_Task brief_: Starting with the line that includes "Hausgemachte italienische Pizza", write out every remaining line of the records below exactly as it appears, leaving out any images.

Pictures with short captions

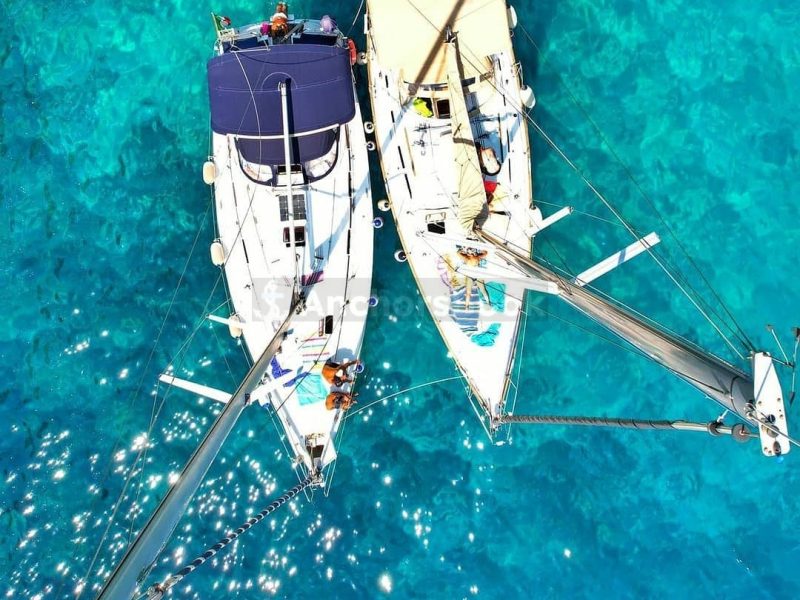 Daily charter on sail boat with lunch | AnchorsBook Photo Daily charter on sail boat with lunch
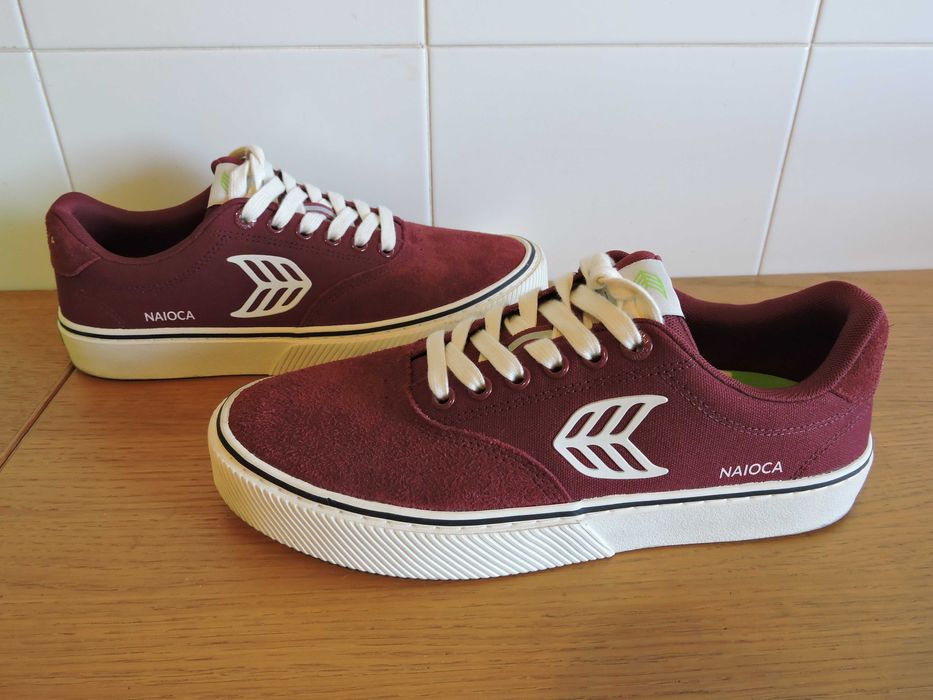 Tenis Cariuma Bordo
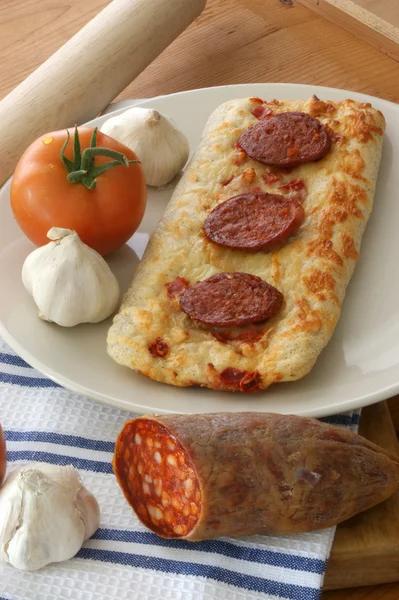 Hausgemachte italienische Pizza mit Salami — Stockfoto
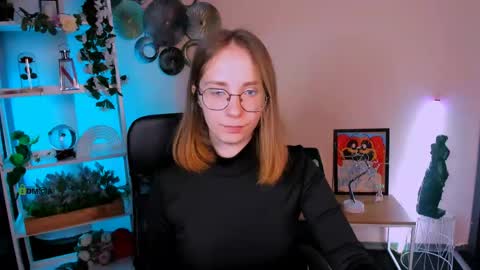 Ella online show from April 14, 2026, 7:20 pm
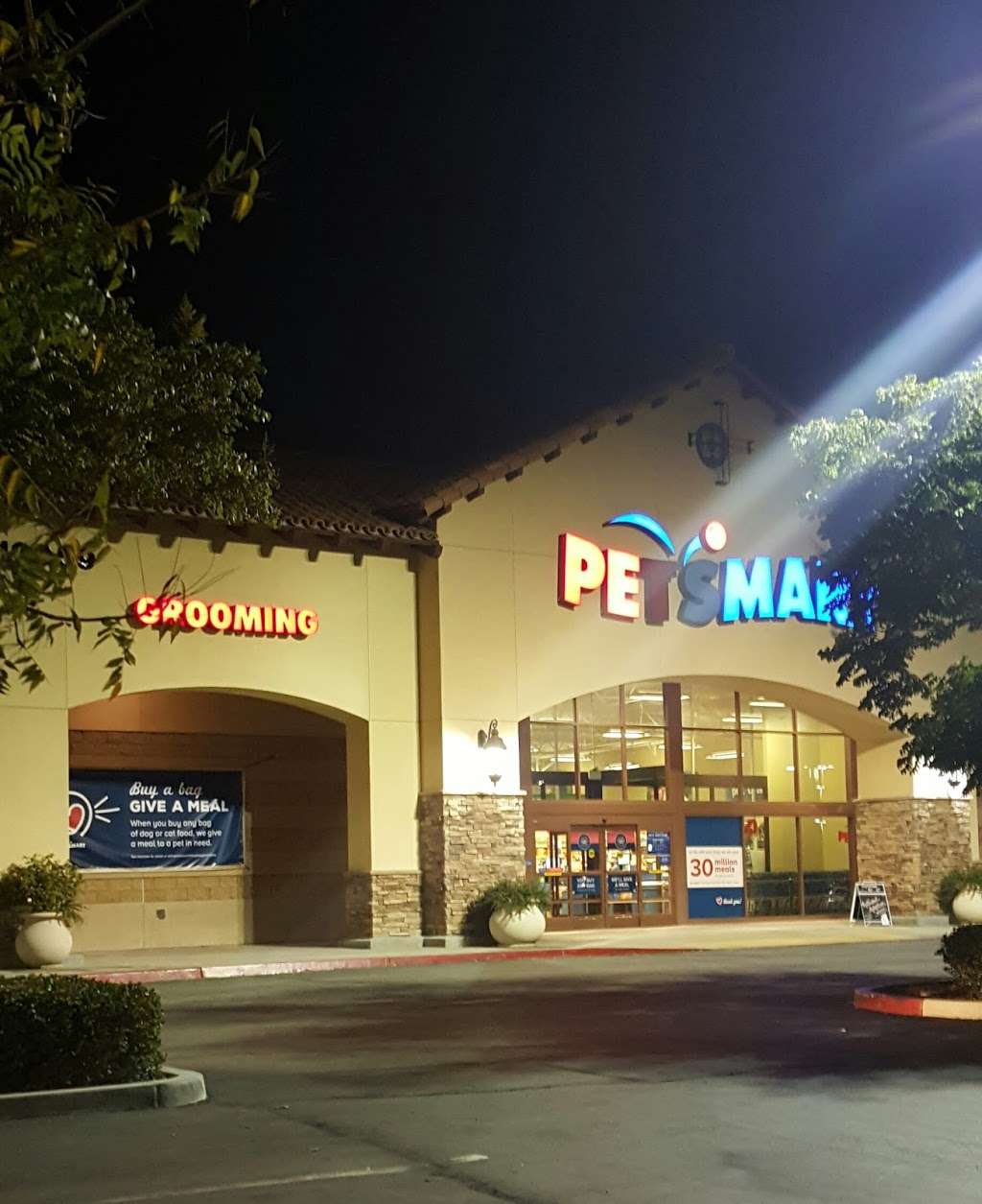 PetSmart | 19059 Golden Valley Rd, Santa Clarita, CA 91387, USA | Phone: (661) 250-8204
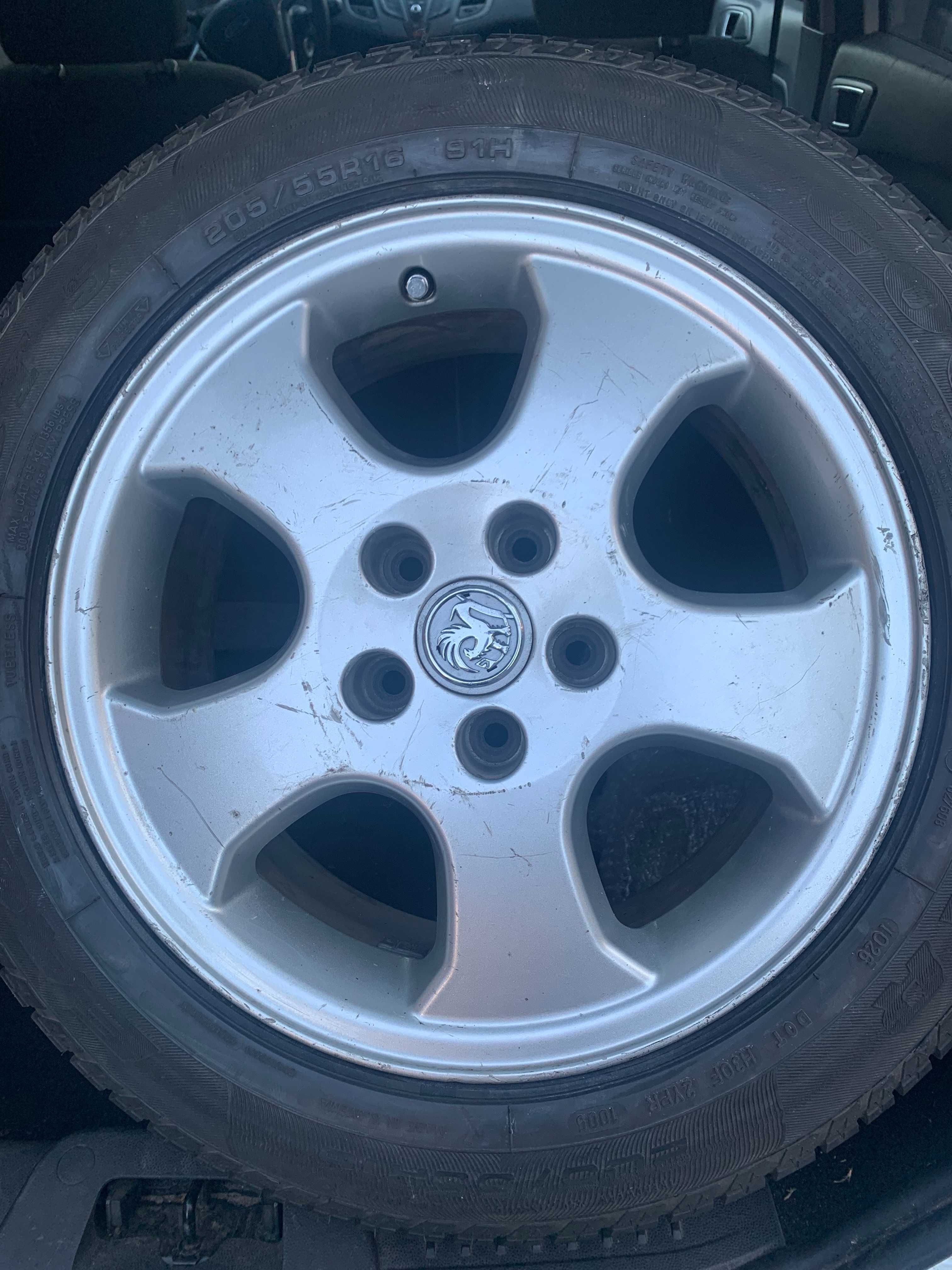 Колесо в сборе/диск с резиной 205/55 R16, 5x110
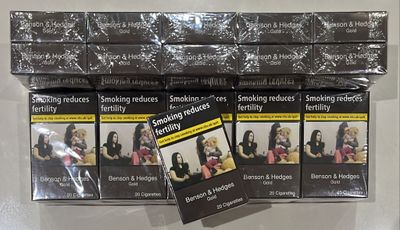 Benson &amp; Hedges Gold (Plain Package)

_Written response_:
 Hausgemachte italienische Pizza mit Salami — Stockfoto
 Ella online show from April 14, 2026, 7:20 pm
 PetSmart | 19059 Golden Valley Rd, Santa Clarita, CA 91387, USA | Phone: (661) 250-8204
 Колесо в сборе/диск с резиной 205/55 R16, 5x110
 Benson &amp; Hedges Gold (Plain Package)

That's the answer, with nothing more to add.